J’ai des voitures que je ne conduis pas, des livres que je ne lis pas, des amis que je ne vois pas – mais ils sont là – et cela suffit à combler mon besoin d’eux, jusqu’à ce que le temps vienne pour moi de désirer à nouveau être en leur présence. Non que je les méprise ; mais je suis trop facilement dévié vers des hommage plus accessibles, auxquels mon indolence donne la priorité.

Voilà pourquoi je relis sans arrêt le livre que j’ai à portée de main, sans jamais me dire : « Quelle idée de passer tout ce temps plongé dans le même vieux bouquin, alors que je pourrais en sélectionner un autre dans ma bibliothèque ! » –  c’est simplement qu’il me suffit de parcourir indéfiniment le même ouvrage. Cela ne me semble ni pénible, ni gênant. Est-ce si différent que de contempler le même lac tous les jours ? Or, le méditant qui s’absorbe quotidiennement dans la contemplation d’un lac sonne très spirituel, au lieu que rouvrir sans cesse le même épisode des aventures de Red Sonja semble weird et dépourvu d’intérêt. Pour moi, le principe est le même…

En dehors de mon goût pour la décoration, j’achète peu, parce que je possède déjà trop. Des vêtements que je ne porte pas, des sabres que je ne polis pas, des flingues dont je ne me sers pas, de la technologie rétrograde, des télescopes sans étoiles… Dans un Nouvel Ordre Mondial exclusivement voué au consumérisme, je suis une plaie. Je pourrais désirer quelque chose de neuf – quelque chose de 2.0… Mais non. Je me contente de regarder mon fils, mes pitbulls, mes tableaux sur les murs, les toiles d’araignées hors d’atteinte de la femme de ménage…

Lorsqu’on me dit que je devrais « faire de nouvelles expériences » ou « élargir mon horizon », je demande : « pourquoi ? » Je puis aller sur notre terrasse, observer le parc que je connais par cœur, et ne rien désirer de mieux. A ce train-là, je finirai par comprendre le choix du moine chrétien, seul dans sa cellule avec son chapelet. Quoique… J’en doute… J’aime trop la beauté, je l’ai trop connue, et j’ai trop besoin de sa proximité physique... En fait, mes acquisitions passées me possèdent, et j'y reste fidèlement attaché, si inconséquentes qu’elles puissent sembler aux autres.
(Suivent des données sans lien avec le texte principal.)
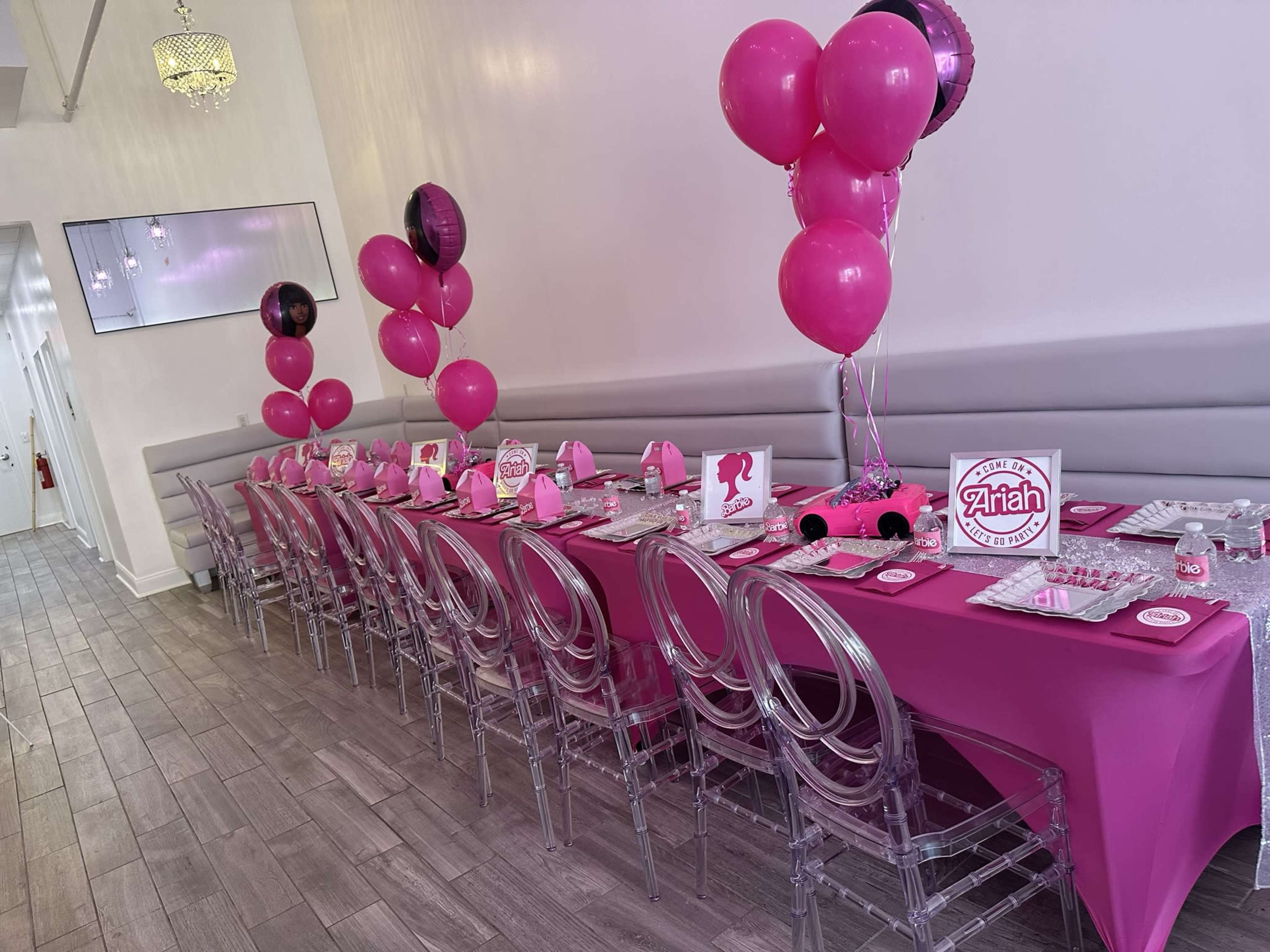 A long, elegantly set party table is adorned with pink decorations, balloons, and themed party supplies.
Toutes mes possessions viennent, peu ou prou, des victoires de mes Ancêtres. Elles représentent leurs succès, et la perpétuité de notre lignage dans un monde condamné à l’abâtardissement, au split familial motivé par l’égoïsme hystérique et l’appât du gain. Ma chevalière à nos armes est l’antithèse exacte du cours des choses – mes ciseaux à cigares sont parfaitement oiseux – mais ils sont mon héritage et suffisent à ma satisfaction.
Ce que méditant, allez, amis chers, sous la protection de cette sphère spirituelle dont le centre est partout et la circonférence nulle part et que nous appelons DIEU.

Beau dimanche à tous.

Love is the law, love under will.


- ☉︎ in 19° ♋︎ : ☽︎ in 4° ♌︎ : ☉︎ : Ⅴⅴⅰⅰ.